## [WORK ORDER]
Starting at the line below that contains "Solid pine extending table, circa 1975" and ending at the line that contains "안다르 딥퍼플 크롭 후디 자켓 상품이미지5", retype each line exactly as it stands, but omit the pictures.

---- SUPPLIED INFORMATION

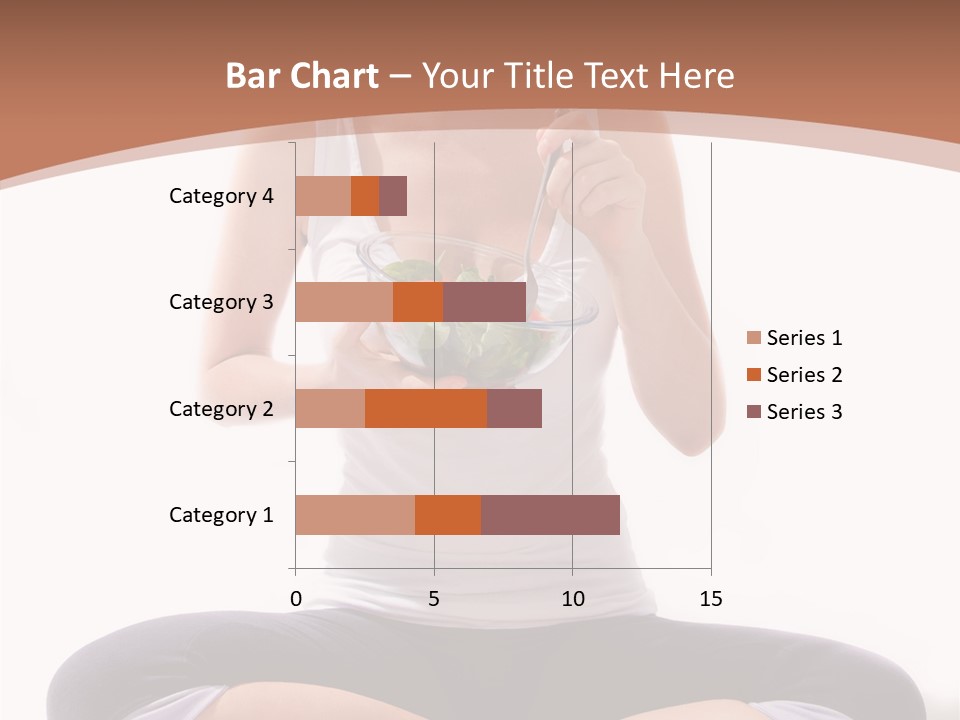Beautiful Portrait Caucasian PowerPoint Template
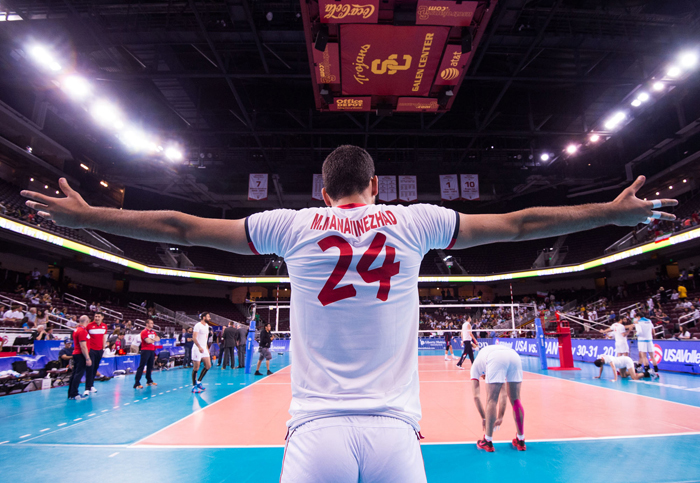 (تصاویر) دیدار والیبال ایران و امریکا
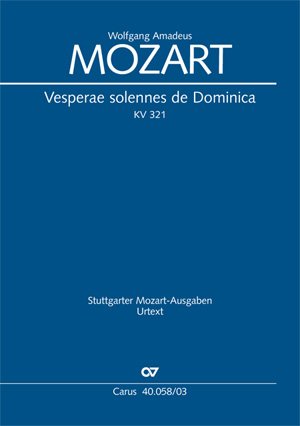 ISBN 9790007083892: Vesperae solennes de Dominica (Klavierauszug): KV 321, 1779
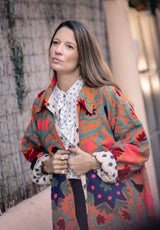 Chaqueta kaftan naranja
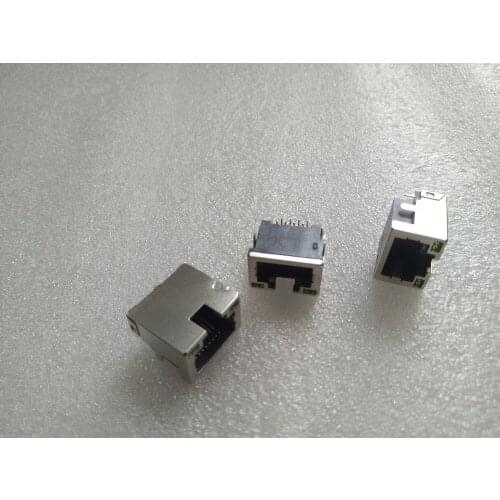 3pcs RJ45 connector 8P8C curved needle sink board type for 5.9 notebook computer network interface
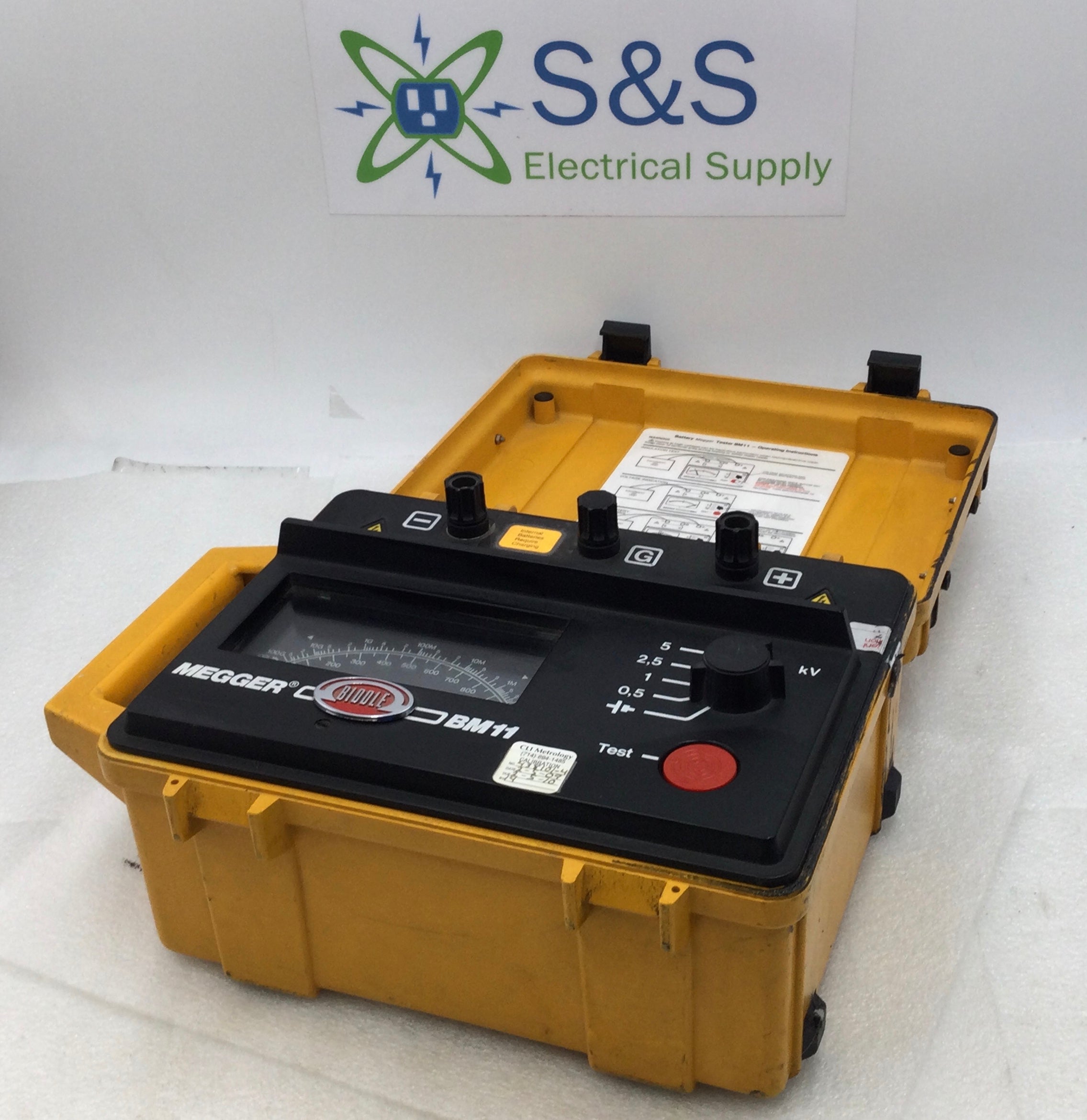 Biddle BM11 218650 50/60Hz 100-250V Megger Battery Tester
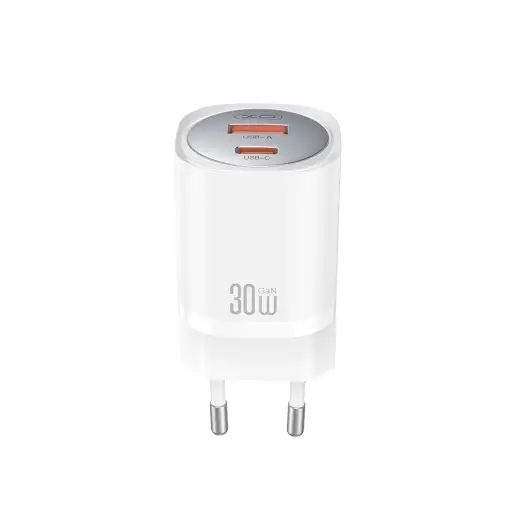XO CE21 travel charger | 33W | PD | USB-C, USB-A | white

--------
---- SUPPLIED INFORMATION

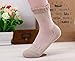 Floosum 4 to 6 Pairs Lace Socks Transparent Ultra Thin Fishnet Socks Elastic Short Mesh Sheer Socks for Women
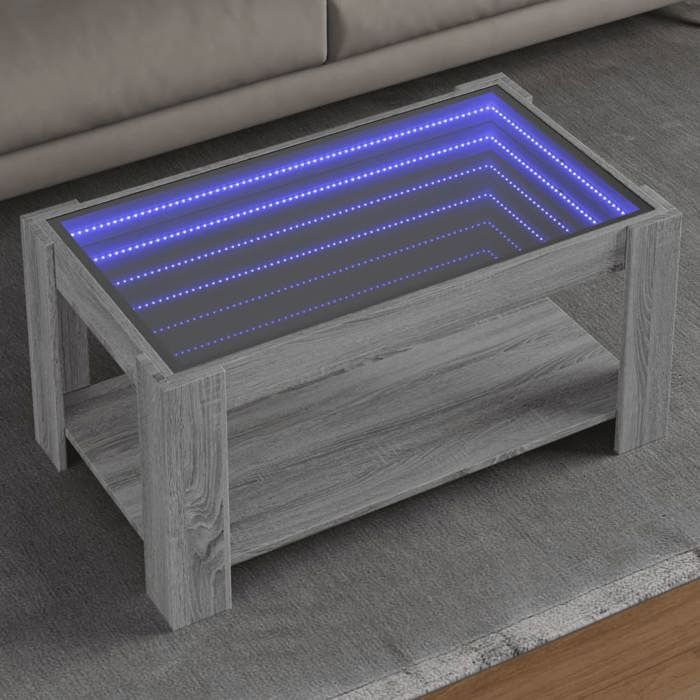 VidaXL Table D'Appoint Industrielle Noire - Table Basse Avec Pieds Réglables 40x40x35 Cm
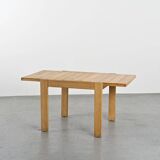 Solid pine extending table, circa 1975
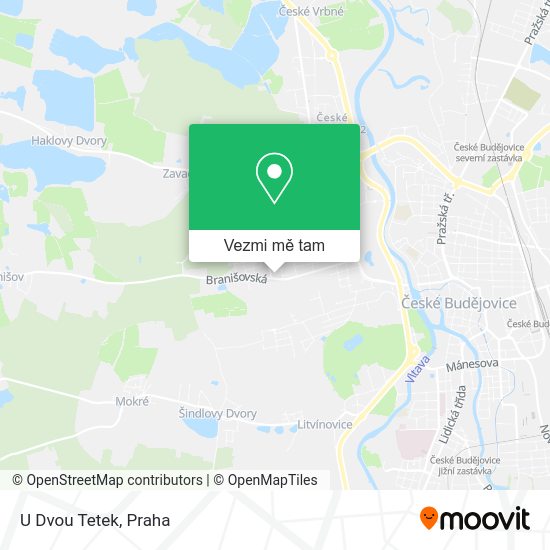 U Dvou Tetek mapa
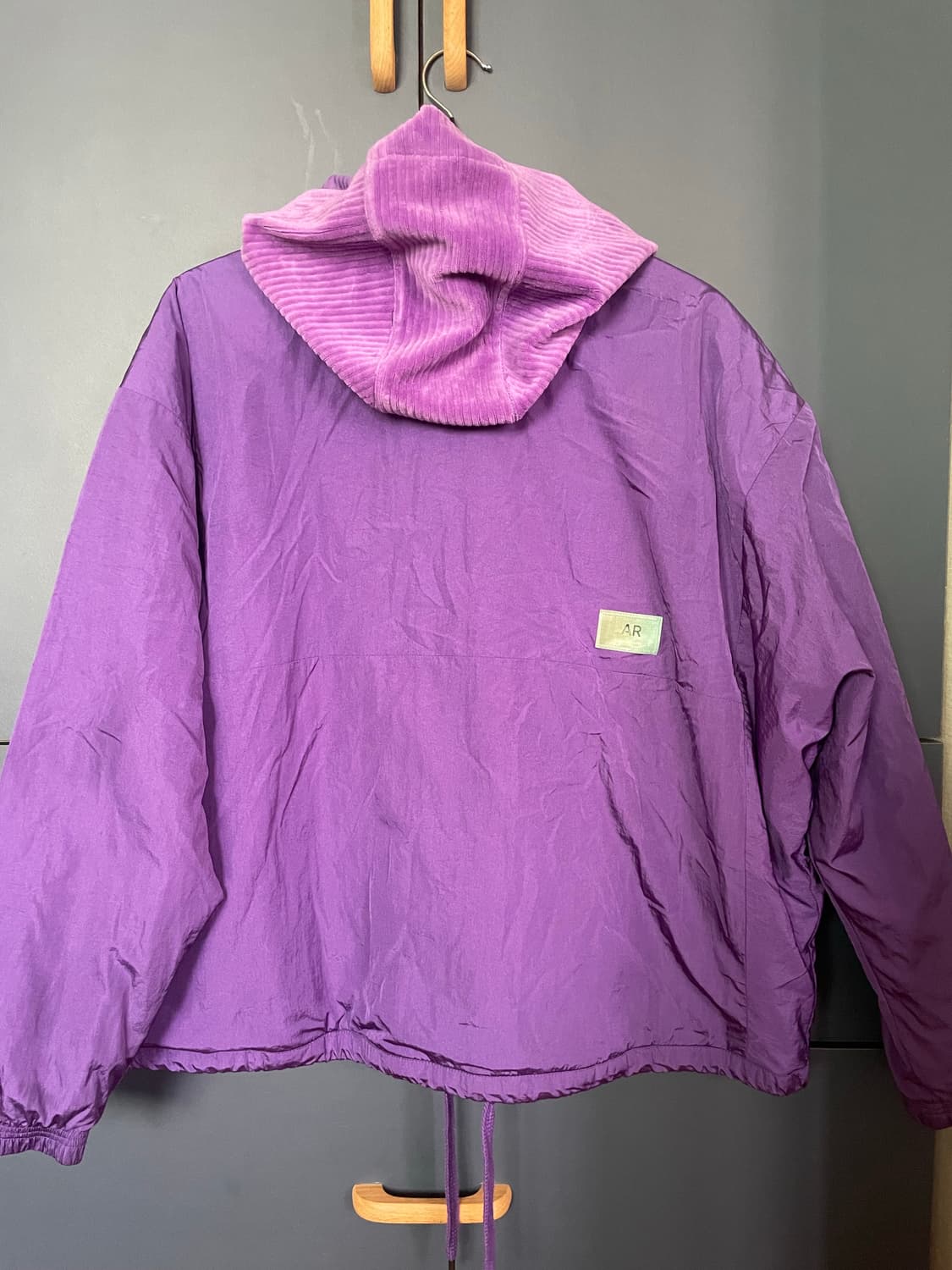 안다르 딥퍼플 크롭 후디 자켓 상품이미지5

--------

## [WRITTEN ANSWER]
 Solid pine extending table, circa 1975
 U Dvou Tetek mapa
 안다르 딥퍼플 크롭 후디 자켓 상품이미지5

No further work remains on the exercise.